Work required: Each line of the records below needs repeating exactly. Skip the pictures.

Provided records:

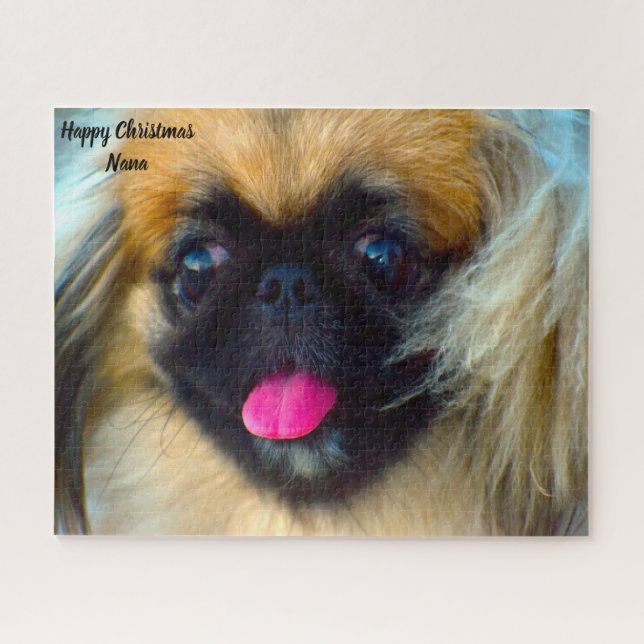 Quebra-cabeça Vovó de Natal (Horizontal)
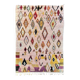 Moroccan bohemian Berber rug in multicoloured wool.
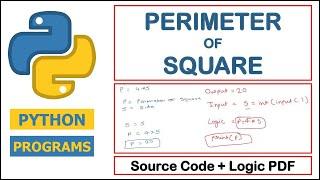 Python program to find Perimeter of Square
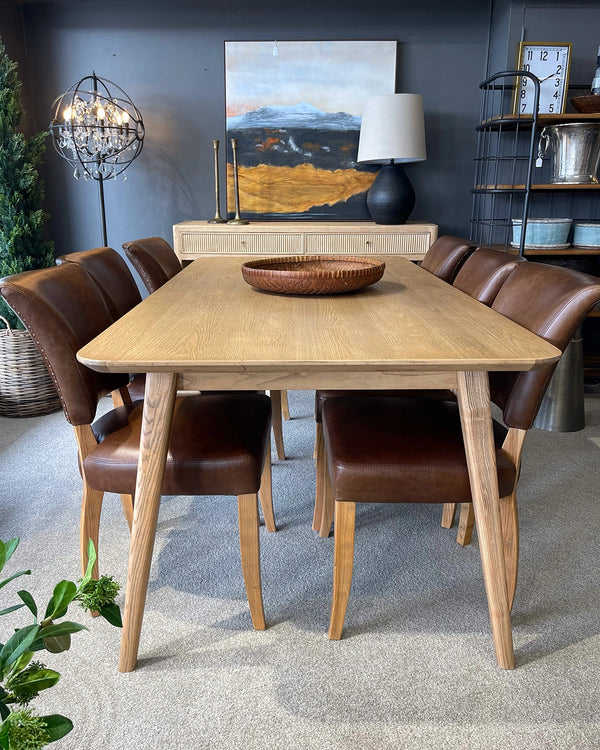 Riverton Dining Table - 200cm - Natural Light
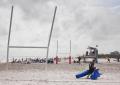 Beach brawl: Cherry Point Marines scrum with rugby brethren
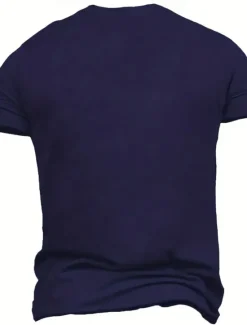 OUKU Men's Football Letter Print Sports T Shirt Tee Top 100% Cotton Short Sleeve Graphic Shirt Black Dark Grey Dark Blue Comfortable Tee Street Sports Outdoor Fashion Designer Clothing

Response below:
 Quebra-cabeça Vovó de Natal (Horizontal)
 Moroccan bohemian Berber rug in multicoloured wool.
 Python program to find Perimeter of Square
 Riverton Dining Table - 200cm - Natural Light
 Beach brawl: Cherry Point Marines scrum with rugby brethren
 OUKU Men's Football Letter Print Sports T Shirt Tee Top 100% Cotton Short Sleeve Graphic Shirt Black Dark Grey Dark Blue Comfortable Tee Street Sports Outdoor Fashion Designer Clothing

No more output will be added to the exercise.